Un nuevo estudio científico señala que consumir una mayor variedad de alimentos de origen vegetal y animal podría reducir el riesgo de morir por enfermedades crónicas y favorecer una vida más larga.
La investigación fue realizada por expertos de la Universidad Rovira i Virgili (URV) y el Instituto de Investigación Sanitaria Pere i Virgili (IISPV), con datos de más de 7.200 personas mayores de entre 60 y 80 años, todas con alto riesgo cardiovascular. El seguimiento se hizo durante seis años.
Para el estudio, se utilizó un indicador llamado “Riqueza de Especies Dietéticas” (DSR), que mide cuántas especies distintas forman parte de la alimentación diaria de una persona.

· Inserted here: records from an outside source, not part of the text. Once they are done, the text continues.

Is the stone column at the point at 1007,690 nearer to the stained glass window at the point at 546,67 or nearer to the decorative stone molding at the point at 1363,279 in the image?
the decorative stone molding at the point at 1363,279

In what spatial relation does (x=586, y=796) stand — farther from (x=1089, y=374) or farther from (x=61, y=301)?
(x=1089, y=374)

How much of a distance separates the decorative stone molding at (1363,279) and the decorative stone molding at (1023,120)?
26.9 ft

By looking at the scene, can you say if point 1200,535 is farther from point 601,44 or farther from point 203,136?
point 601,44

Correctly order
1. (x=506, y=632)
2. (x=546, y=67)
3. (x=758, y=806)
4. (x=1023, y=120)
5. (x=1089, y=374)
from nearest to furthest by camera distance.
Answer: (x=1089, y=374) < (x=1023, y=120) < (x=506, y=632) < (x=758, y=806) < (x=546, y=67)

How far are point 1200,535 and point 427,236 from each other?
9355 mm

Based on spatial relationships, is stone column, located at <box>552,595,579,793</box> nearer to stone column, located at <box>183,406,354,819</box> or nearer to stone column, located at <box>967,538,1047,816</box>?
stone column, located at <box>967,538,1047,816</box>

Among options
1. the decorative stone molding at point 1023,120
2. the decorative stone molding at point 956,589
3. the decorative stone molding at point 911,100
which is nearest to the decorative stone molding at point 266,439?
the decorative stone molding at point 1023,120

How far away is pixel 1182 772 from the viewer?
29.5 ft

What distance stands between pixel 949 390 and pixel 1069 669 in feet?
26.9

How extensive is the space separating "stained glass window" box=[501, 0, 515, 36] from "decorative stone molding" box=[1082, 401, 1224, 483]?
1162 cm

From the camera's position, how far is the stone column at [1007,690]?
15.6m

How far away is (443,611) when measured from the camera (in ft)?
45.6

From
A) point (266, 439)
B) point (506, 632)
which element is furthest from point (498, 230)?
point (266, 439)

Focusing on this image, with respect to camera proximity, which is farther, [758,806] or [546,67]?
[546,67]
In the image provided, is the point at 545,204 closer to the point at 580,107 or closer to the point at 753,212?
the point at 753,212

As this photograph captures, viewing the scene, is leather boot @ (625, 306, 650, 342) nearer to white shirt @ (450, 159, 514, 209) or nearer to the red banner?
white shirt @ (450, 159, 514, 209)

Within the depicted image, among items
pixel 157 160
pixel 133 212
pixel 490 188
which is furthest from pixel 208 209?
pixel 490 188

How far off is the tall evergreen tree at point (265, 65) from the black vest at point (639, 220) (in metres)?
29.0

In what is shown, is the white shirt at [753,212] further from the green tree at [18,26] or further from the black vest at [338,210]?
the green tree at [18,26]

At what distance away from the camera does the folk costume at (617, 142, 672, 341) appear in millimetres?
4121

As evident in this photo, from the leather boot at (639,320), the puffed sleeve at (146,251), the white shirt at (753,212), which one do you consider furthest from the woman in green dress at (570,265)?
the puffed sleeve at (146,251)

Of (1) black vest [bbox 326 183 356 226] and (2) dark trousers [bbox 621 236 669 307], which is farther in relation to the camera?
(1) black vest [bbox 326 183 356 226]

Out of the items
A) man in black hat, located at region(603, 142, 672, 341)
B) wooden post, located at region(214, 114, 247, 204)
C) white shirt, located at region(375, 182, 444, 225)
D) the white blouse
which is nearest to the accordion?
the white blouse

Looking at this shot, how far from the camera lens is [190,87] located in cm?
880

Los resultados mostraron que, por cada especie adicional que una persona consume regularmente, el riesgo de morir por cualquier causa baja un 9%. Además, el riesgo de morir por enfermedades del corazón se reduce un 7% y el de cáncer un 8%.
“La diversidad en la dieta es clave. No solo importa qué tipo de alimentos comemos, sino cuántas especies diferentes consumimos”, explicó la investigadora principal, Sangeetha Shyam.
El beneficio de una dieta más diversa se observó incluso en personas que seguían dietas saludables como la mediterránea, lo que demuestra que la variedad aporta un beneficio adicional.
Los expertos creen que este efecto positivo se debe a que una mayor diversidad alimentaria ofrece más nutrientes, compuestos beneficiosos y ayuda a mantener una microbiota intestinal saludable.
Este estudio fue posible gracias a la colaboración del consorcio PREDIMED y otros centros de investigación en nutrición y salud.